Diğer yandan Dibeybe ise seçimler tamamlanana dek hükümetin devam görevine devam ettiğini vurguladığı açıklamasında şu ifadeleri kullanmıştı:
“Salih'in bu açıklamaları, bölünmeyi yeniden aktif hale getirme yönünde umutsuz bir girişimdir. Hükümetim seçim dosyasına yönelik tüm yetkilerini ihmal olmadan yerine getirmiştir.”
Mısrata’daki bağımsız siyasi siyasetçiler ise endişe içerisinde, Başağa ve Dibeybe’nin Mısrata ve Trablus'taki birçok milis gücünü kullanabileceği uyarısında bulunuyor.
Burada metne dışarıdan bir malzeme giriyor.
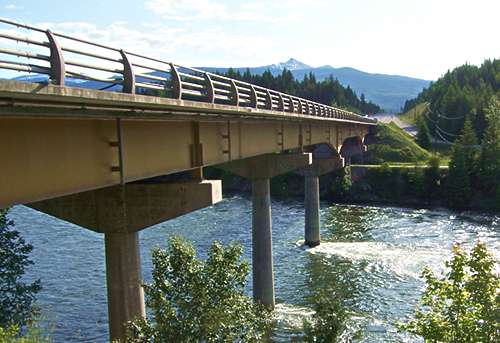 Inspecting supports of BC bridges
Bu durum, ülkenin batısında yeniden kanlı çatışmalar döngüsüne girileceği korkusunu artırıyor.
Mısrata, 4 Nisan 2019'da patlak veren savaşta Ulusal Ordu güçlerinin başkent Trablus'a girmesini engellemekte büyük rol oynayan silahlı oluşumlara ev sahipliği yapıyor.
Diğer yandan Başağa, önceki Ulusal Mutabakat Hükümeti’nde (UMH) İçişleri Bakanı görevinde bulunmuş bir isim olarak başkentteki bir dizi silahlı milis grubunu dağıtmaya çalışmıştı. Ancak etrafındakilere dokunmamıştı. Hatta bağlılıklarını sağlamak için onları kendi safına çekmeye çalışmıştı.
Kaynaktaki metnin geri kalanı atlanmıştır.